To do: Transcribe the whole listing below. Pictures do not go in the copy.

Information provided:
· · · · · · ·

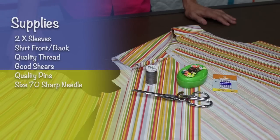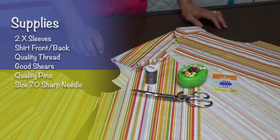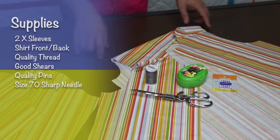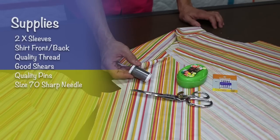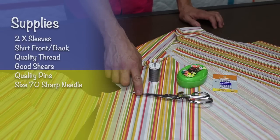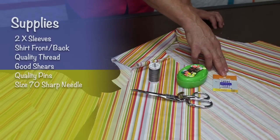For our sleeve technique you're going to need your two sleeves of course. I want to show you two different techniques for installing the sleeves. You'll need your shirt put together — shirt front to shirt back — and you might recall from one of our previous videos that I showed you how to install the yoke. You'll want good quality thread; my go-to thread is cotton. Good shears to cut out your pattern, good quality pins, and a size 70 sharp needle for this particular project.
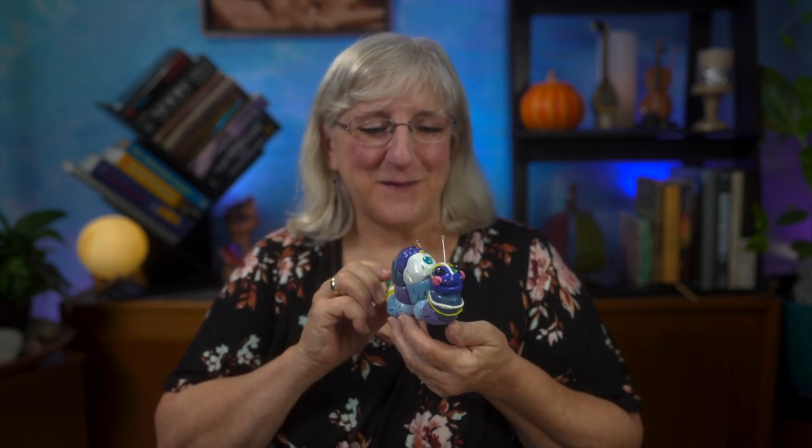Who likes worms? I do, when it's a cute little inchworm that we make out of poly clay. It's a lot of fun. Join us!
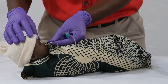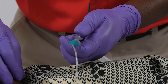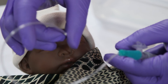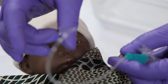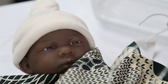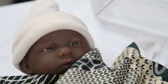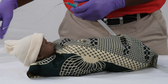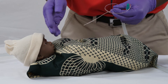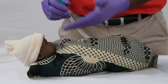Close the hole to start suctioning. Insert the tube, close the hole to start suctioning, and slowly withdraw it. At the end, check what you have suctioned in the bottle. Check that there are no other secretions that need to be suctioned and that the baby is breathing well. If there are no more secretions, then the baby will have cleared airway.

· · · · · · ·

Answer box:
For our sleeve technique you're going to need your two sleeves of course. I want to show you two different techniques for installing the sleeves. You'll need your shirt put together — shirt front to shirt back — and you might recall from one of our previous videos that I showed you how to install the yoke. You'll want good quality thread; my go-to thread is cotton. Good shears to cut out your pattern, good quality pins, and a size 70 sharp needle for this particular project.
Who likes worms? I do, when it's a cute little inchworm that we make out of poly clay. It's a lot of fun. Join us!
Close the hole to start suctioning. Insert the tube, close the hole to start suctioning, and slowly withdraw it. At the end, check what you have suctioned in the bottle. Check that there are no other secretions that need to be suctioned and that the baby is breathing well. If there are no more secretions, then the baby will have cleared airway.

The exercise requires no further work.